## SUPPLIED DATA
○ ○ ○ ○
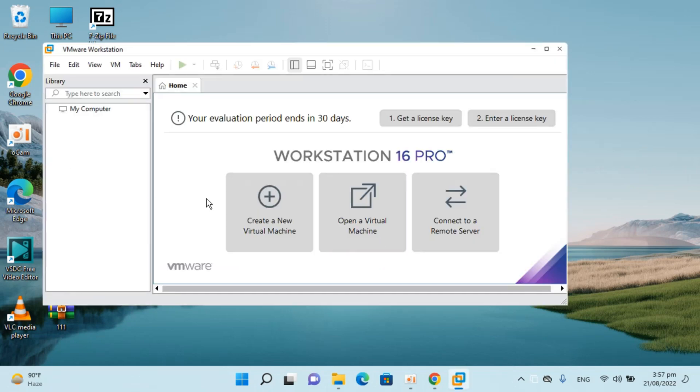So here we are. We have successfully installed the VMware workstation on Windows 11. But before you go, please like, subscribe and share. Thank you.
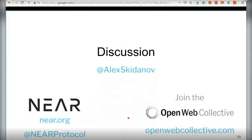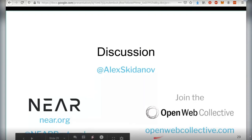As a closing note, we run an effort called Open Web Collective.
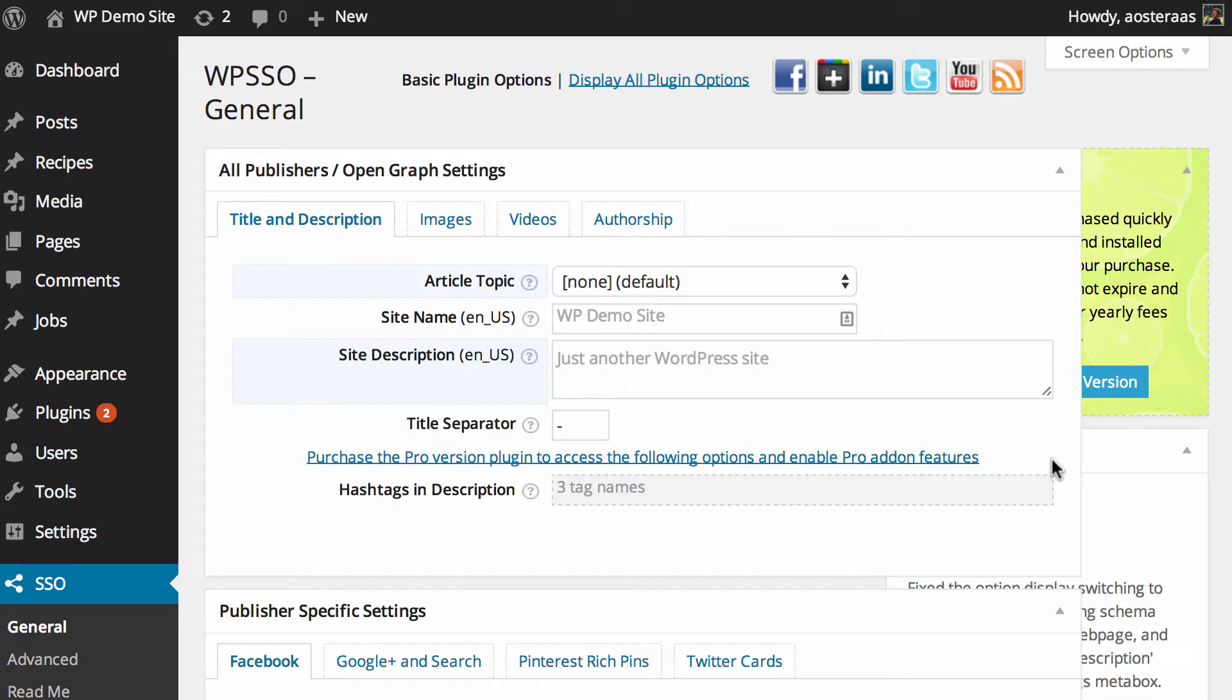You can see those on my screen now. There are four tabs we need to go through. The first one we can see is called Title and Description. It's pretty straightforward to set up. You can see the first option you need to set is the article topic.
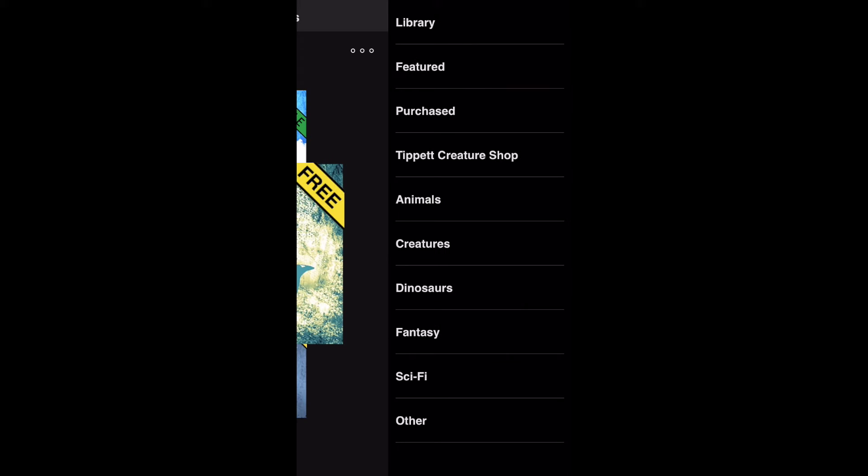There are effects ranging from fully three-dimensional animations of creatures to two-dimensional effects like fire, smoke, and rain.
○ ○ ○ ○
## EXERCISE DESCRIPTION
Please give the data above again in exact form and omit every picture.

## SOLUTION
So here we are. We have successfully installed the VMware workstation on Windows 11. But before you go, please like, subscribe and share. Thank you.
As a closing note, we run an effort called Open Web Collective.
You can see those on my screen now. There are four tabs we need to go through. The first one we can see is called Title and Description. It's pretty straightforward to set up. You can see the first option you need to set is the article topic.
There are effects ranging from fully three-dimensional animations of creatures to two-dimensional effects like fire, smoke, and rain.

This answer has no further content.